Cada vez que se entrega el nombramiento de ministro, de un lado se trata de elegir a quien durante 15 años interpretará en última instancia la Constitución y las leyes. Del otro también significa premiar a los mejores oficiantes de una vocación.
La discusión que tendrá lugar en el Senado en fechas próximas, a propósito de las dos ternas enviadas por el presidente Enrique Peña Nieto, habrá de considerar ambos referentes: el talento como jurisconsulto de cada aspirante y la trayectoria que le respalda.
De entre las candidaturas presentadas por el Ejecutivo, una sobresale por las malas razones; la de Alejandro Jaime Gómez Sánchez. Nadie, entre quienes compiten por llegar al máximo órgano constitucional tiene una hoja de servicio con antecedentes tan indeseables.
Es el único, por lo pronto, que ha sido exhibido por la Comisión Nacional de Derechos Humanos (CNDH) como un funcionario que dio la espalda a los principios fundamentales de la Constitución.
Gómez Sánchez es procurador general de justicia del Estado de México. Como fiscal de esa entidad le tocó investigar el trágico episodio de Tlatlaya, donde efectivos del Ejército han sido señalados por la ejecución de civiles.
Pero no sólo los militares merecieron observaciones graves por parte de esta Comisión. A propósito del mismo episodio han sido acusados diversos funcionarios de la Procuraduría General de Justicia del Estado de México (PGJ) por falsear declaraciones, fabricar pruebas, abuso sexual y tortura contra varios testigos mujeres.
La recomendación 51/2014 de la CNDH no deja margen para dudar: “Además de la responsabilidad atribuible a los elementos del 102 Batallón de Infantería… (se) logró acreditar responsabilidad por diversas violaciones a derechos humanos cometidas por personal adscrito a la procuraduría estatal.”

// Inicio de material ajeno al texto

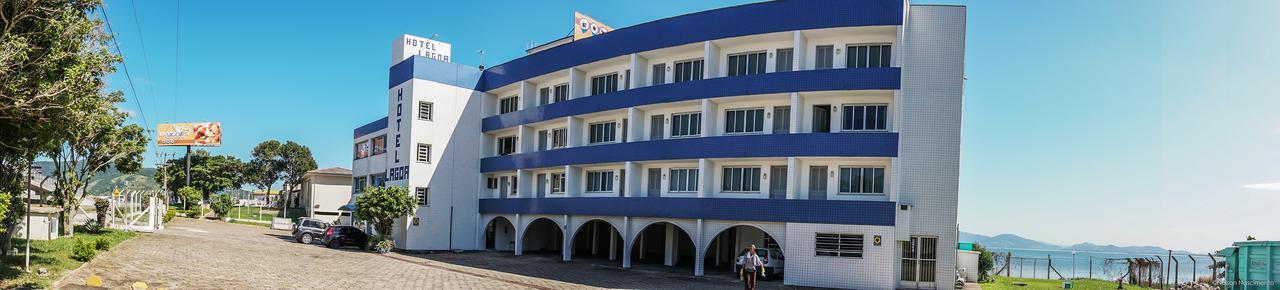 Hotel Lagoa Laguna Exterior photo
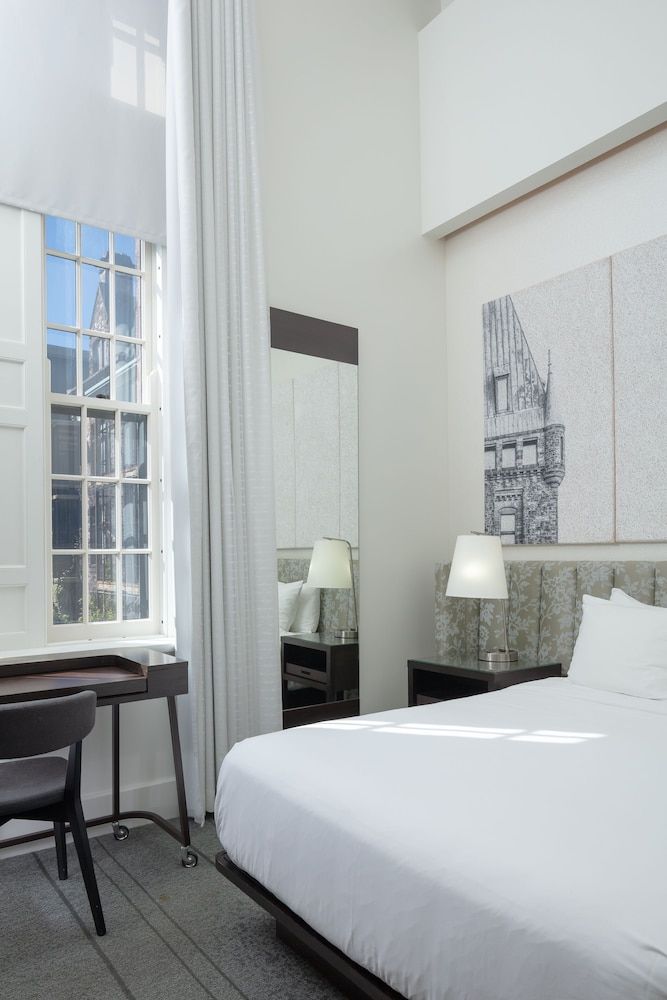 The Richardson Hotel Room (Cozy, Queen) 2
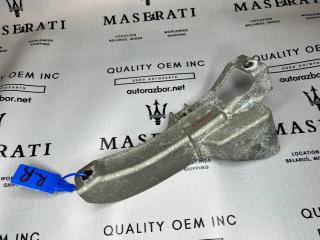 скелет ручки двери задней правой Maserati Quattroporte 5 поколение 2005, 4.2 л., M139 A, бензин, робот, седан, задний привод, 67865600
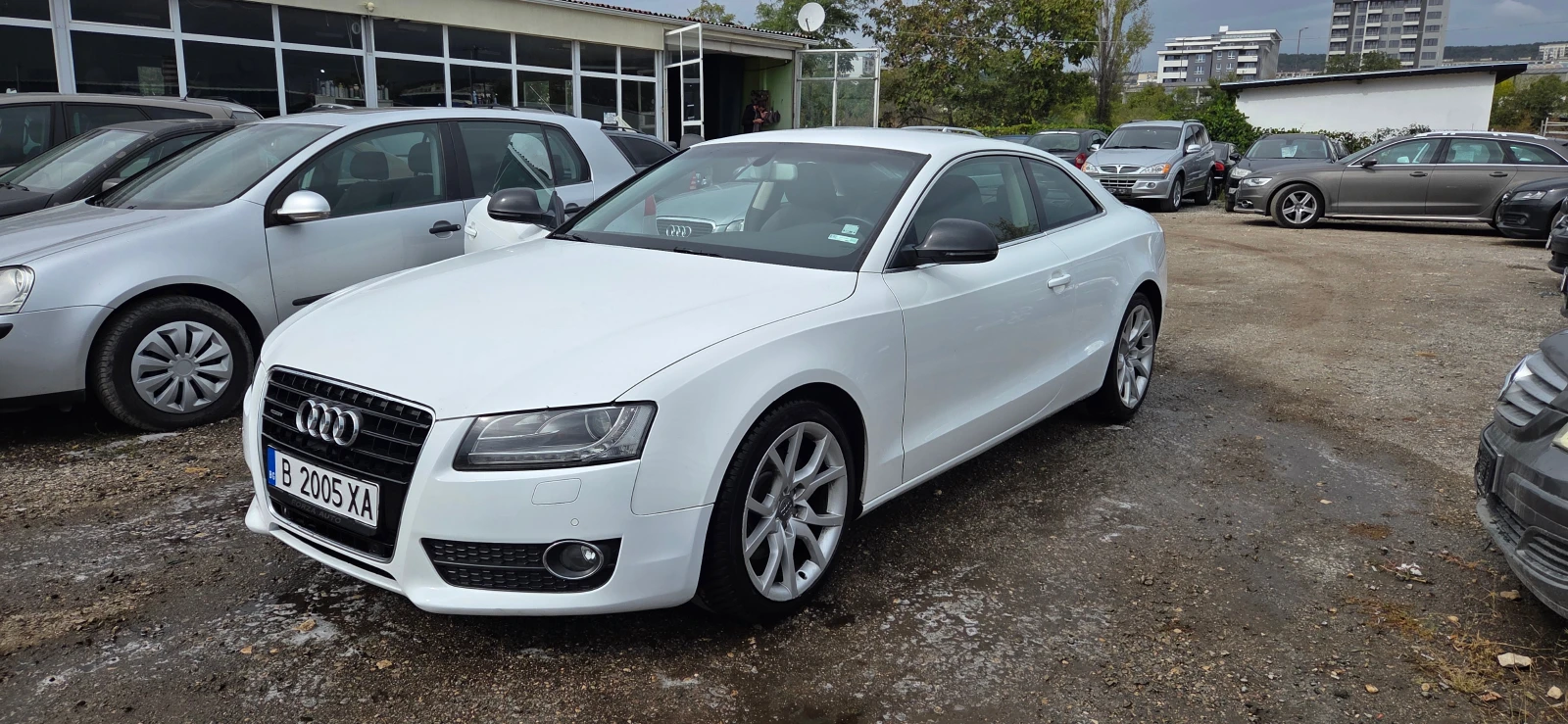 Audi A5 3.0 TDI 240ps - изображение 2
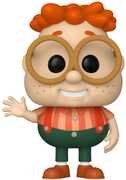 FUNKO POP! Animation: Jimmy Neutron - Carl Wheezer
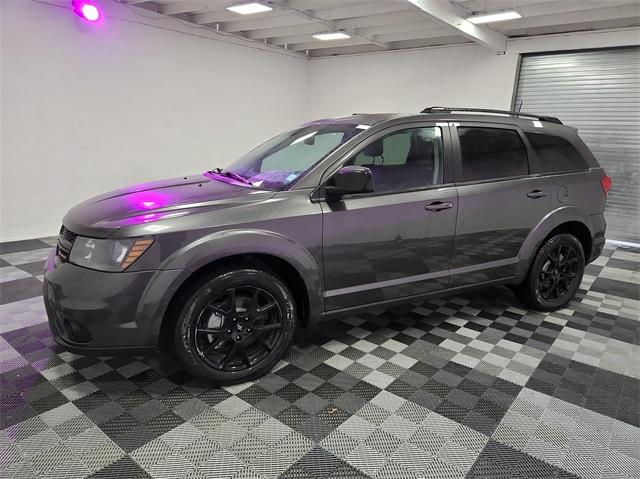 Thumbnail image of 2018 Dodge Journey at Major World Chevrolet
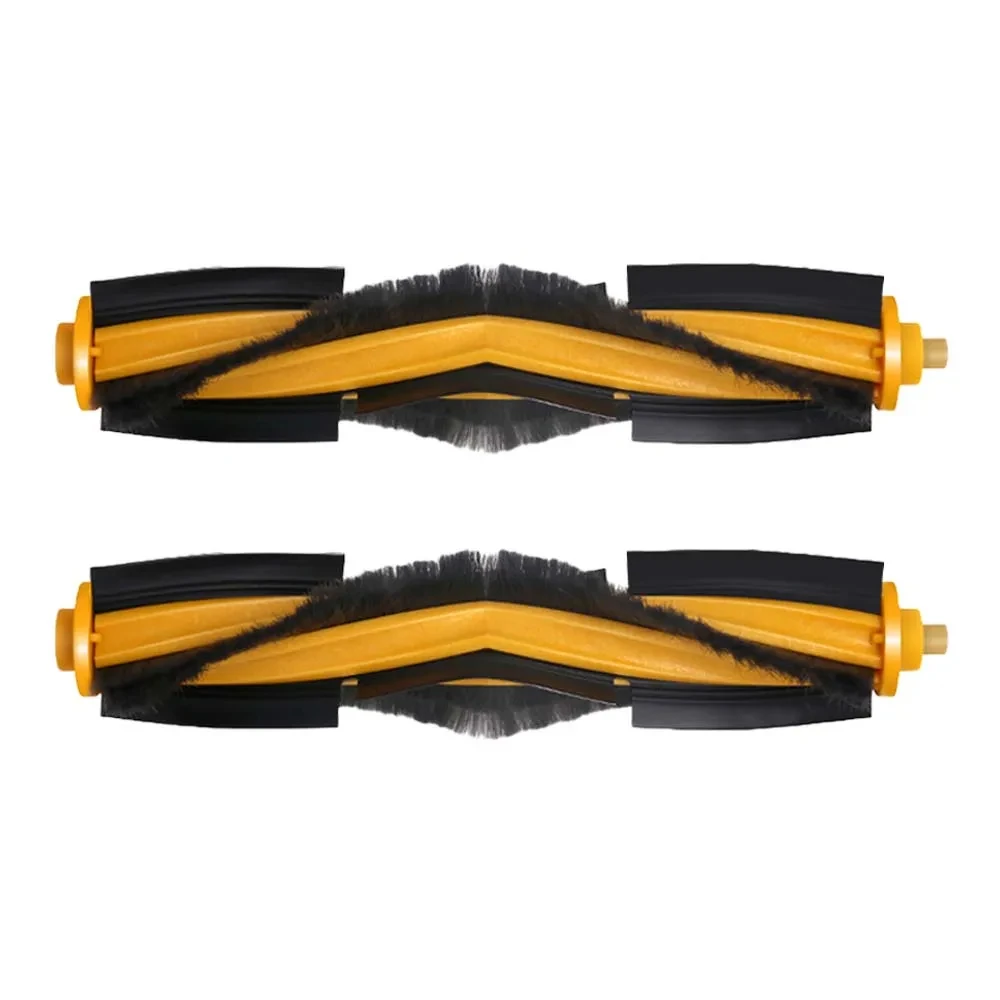 Enhanced Side Brush & Filter Mop for Robot Vacuums - Premium Replacement Parts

Los cargos en contra de esta dependencia no son menores. Varias personas del sexo femenino fueron torturadas física y sicológicamente para que negaran la participación de los militares en el asesinato de los civiles.
Cuando la CNDH requirió a la PGJ para que respondiera ante los señalamientos, sus funcionarios mintieron sin titubear. Negaron los hechos de maltrato y aseguraron que los testigos habían torcido la verdad por voluntad propia.

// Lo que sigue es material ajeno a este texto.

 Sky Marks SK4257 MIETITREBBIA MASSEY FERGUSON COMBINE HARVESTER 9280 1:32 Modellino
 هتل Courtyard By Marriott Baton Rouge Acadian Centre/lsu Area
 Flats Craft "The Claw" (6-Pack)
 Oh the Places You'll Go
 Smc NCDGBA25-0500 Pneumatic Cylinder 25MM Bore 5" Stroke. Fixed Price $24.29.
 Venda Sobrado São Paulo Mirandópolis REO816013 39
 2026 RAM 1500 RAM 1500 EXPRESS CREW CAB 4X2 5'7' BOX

Para mayor hundimiento, el procurador Gómez Sánchez declaró ante los medios: “No se desprende indicio alguno que haga presuponer o que nos haga pensar en la posible ejecución o el posible fusilamiento de las víctimas”.
Este funcionario cometió perjurio, lo hizo descaradamente ante la prensa y sus subordinados mintieron frente a una autoridad distinta de la judicial.

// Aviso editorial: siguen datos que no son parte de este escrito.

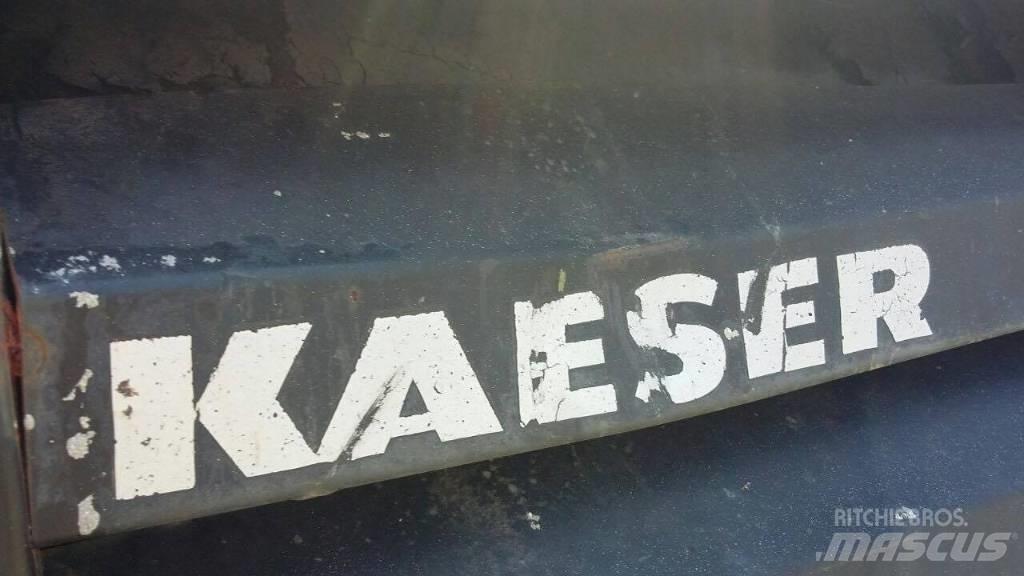  KAESSER M 121 Kompressorit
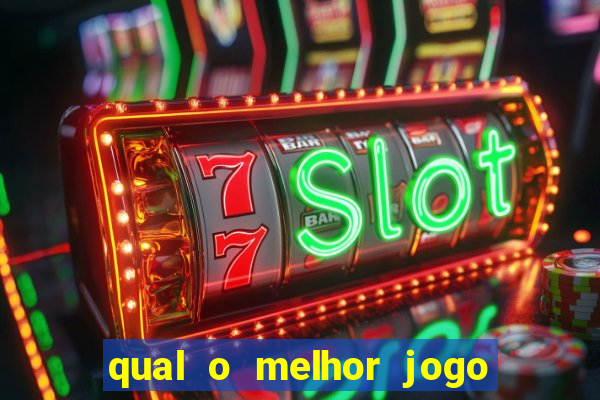 qual o melhor jogo de casino para ganhar dinheiro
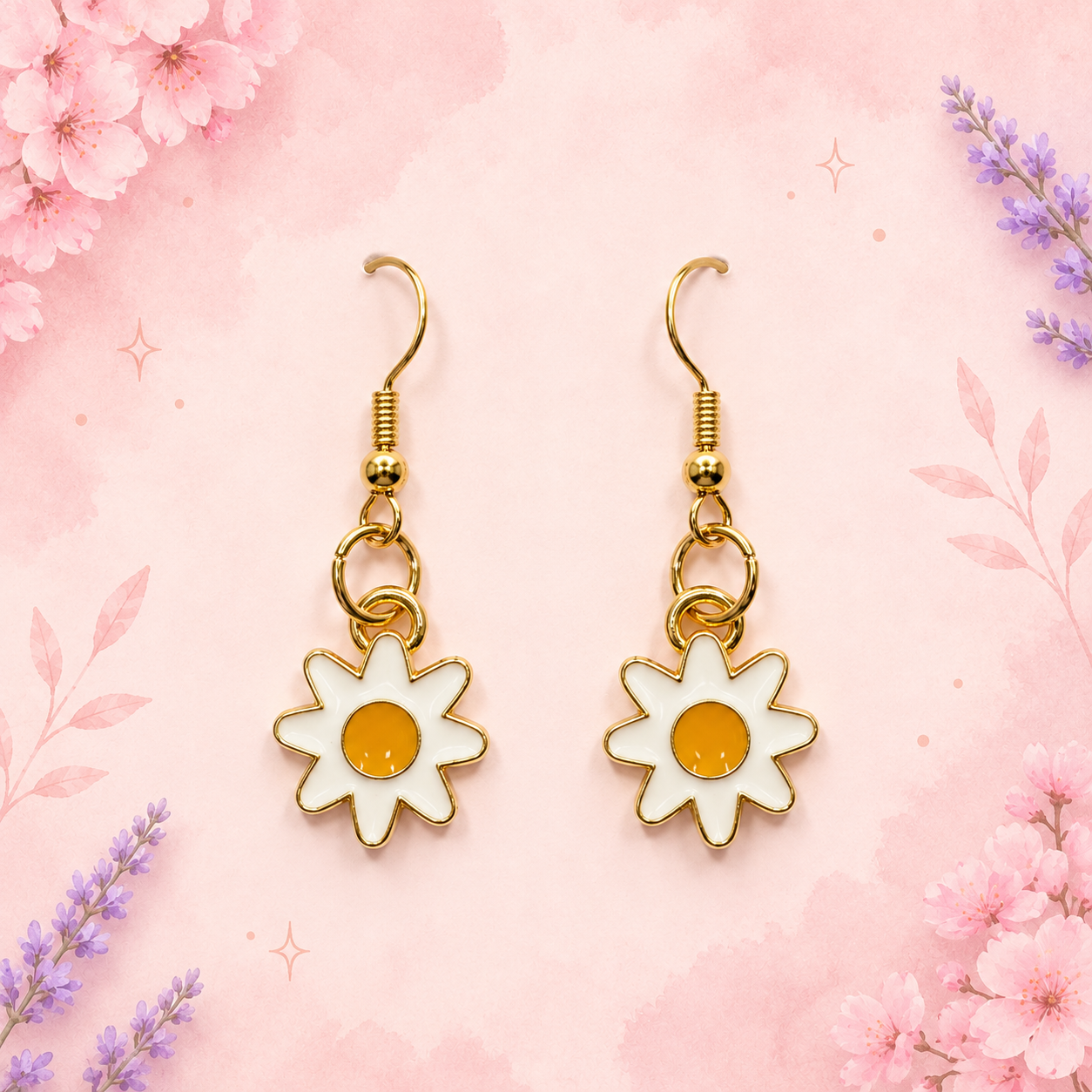Daisy Drops
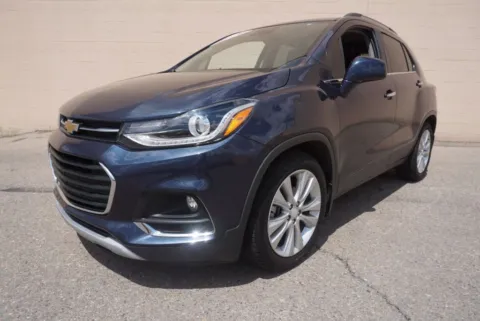 More photos of 2019 Chevrolet Trax Premier Sport Utility 4D at Drive N-Motion Rio Rancho, NM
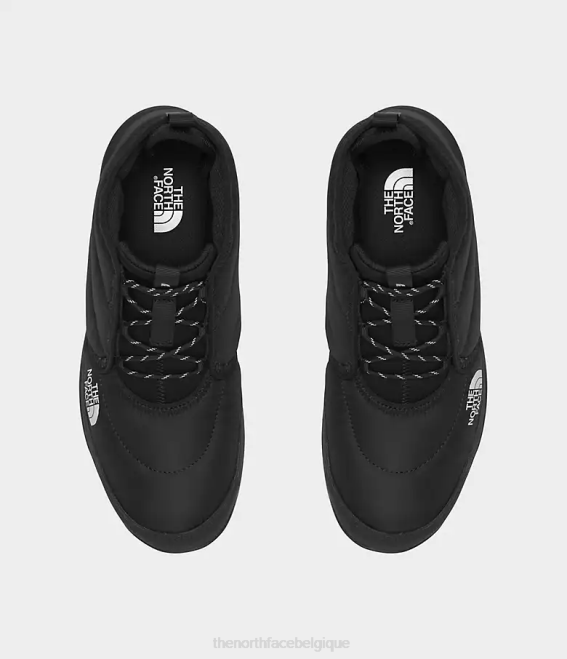 tnf noir Hommes The North Face nse chukkas 62XR1217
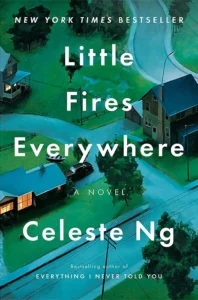 Featured image for Zusammenfassung von „Little Fires Everywhere“ von Celeste Ng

Hay pruebas abundantes de que personal bajo las órdenes directas de este procurador intentó asfixiar a los testigos; amenazó de muerte y acosó a las mujeres que presenciaron la ejecución militar.
Así aparece en el texto de recomendaciones de la CNDH: a una mujer, testigo de los hechos, “la meten a un baño con tres hombres, quienes le dicen que ahí ellos hacían hasta que los muertos hablaran; en este lugar le jalan el cabello, le pegan en las costillas, y con una bolsa de una tienda como de mandado, la asfixiaron en nariz y boca.”
Es difícil suponer que el aspirante a ministro no haya estado enterado sobre el proceder del personal adscrito a su procuraduría. Por acción o por omisión fue responsable.
ZOOM: Nombrar ministro a Alejandro Gómez Sánchez arrojaría una señal infame para el resto del aparato responsable de la administración de justicia en el país. Violar la ley debe tener consecuencias independientemente de quien lo haga; no importa si se trata de un soldado, un delincuente o un hombre poderoso y próximo al poder presidencial.